Secure authentication and authorization are among the primary features of a modern data catalog. Access control allows you to provide reliable governance of your data and ML/AI assets.
With this new integration, you can authenticate users with an external identity provider (e.g. Google Auth, Okta, etc.) to confirm their identity. The authorization step will then be performed against the Unity Catalog database, to verify whether the user account is authorized to perform the requested task.
The following diagram illustrates how Unity Catalog and the external authentication provider work together to ensure secure authentication and authorization:
This process answers the questions “Is this user who they say they are?” (steps 1 and 2 in the diagram) and "Does this user have the necessary permissions to perform the requested task?” (steps 3 and 4 in the diagram).

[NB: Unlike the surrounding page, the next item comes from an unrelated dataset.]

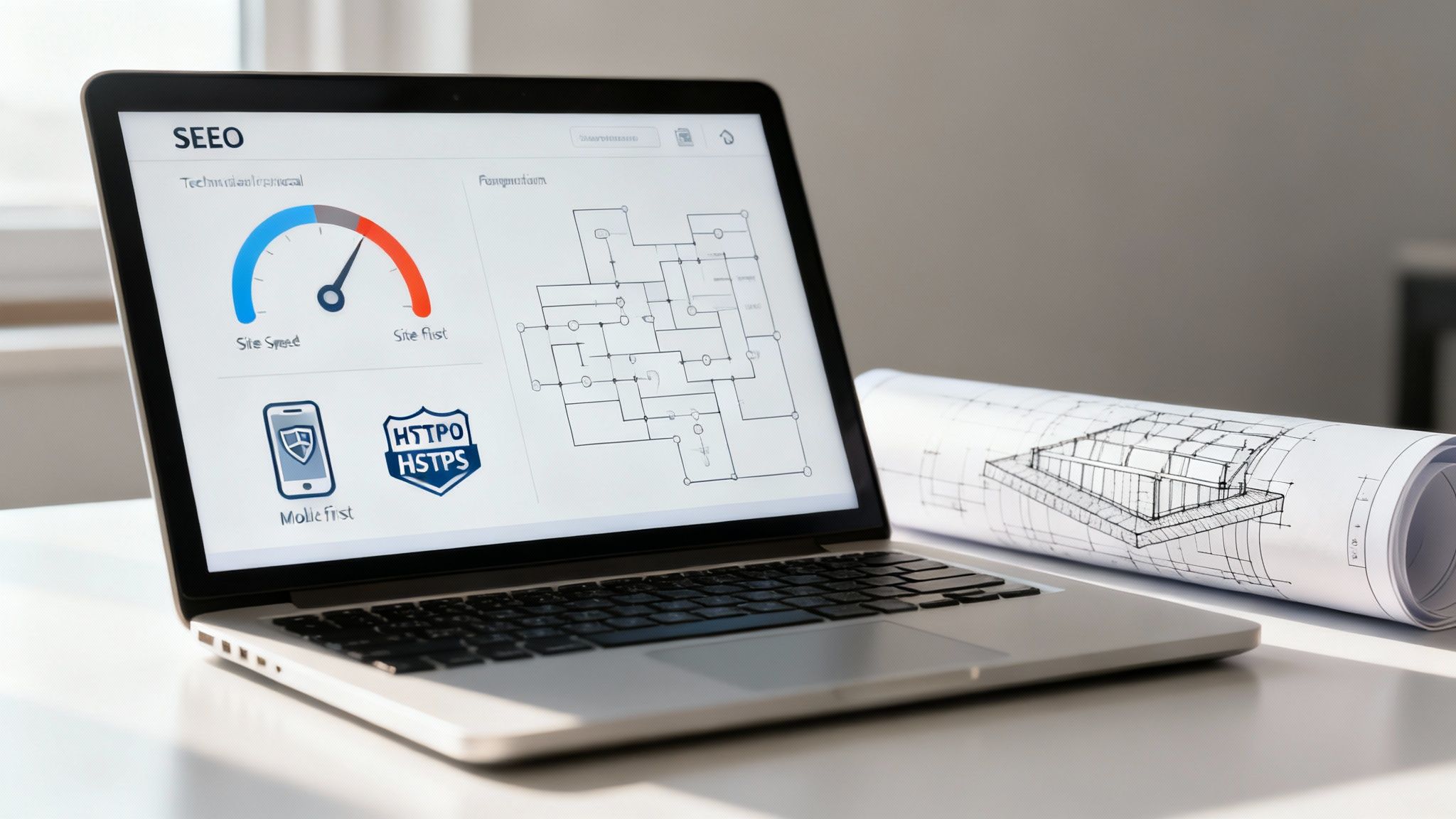 A laptop displays an SEO dashboard with site speed, mobile first, and HTTPS metrics next to architectural blueprints.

If authentication and authorization both succeed, the user can perform the desired task.
Here’s what it looks like in action:
The docs provide detailed instructions for setting up Access Control with Google authentication. In this example, each user must have a Google identity (e.g., email address) that is added to the local Unity Catalog database.
ML Models Support
🔥 You can now use Unity Catalog as the backing resource for your MLflow model registry to store, access, and govern registered models and model versions.
ML workflows usually involve lots of experimentation. Using MLflow and Unity Catalog together allows you to experiment with training runs and models in MLflow and then easily register your final model(s) in Unity Catalog. Registered models can be accessed directly from Unity Catalog using the three-level namespace hierarchy
The following diagram shows how Unity Catalog and MLflow work together:
Models registered to Unity Catalog will be accessible through the Unity Catalog server as well as the UI:
You can inspect details about your training run(s) and model(s) in the MLflow UI:
The docs provide detailed instructions for configuring and testing the MLflow integration. You’ll need to use MLflow 2.16.1 or later.
Apache Spark and Delta Lake Integration
🔥 You can now use Apache Spark and Delta Lake to query and perform CRUD operations on tables registered in Unity Catalog.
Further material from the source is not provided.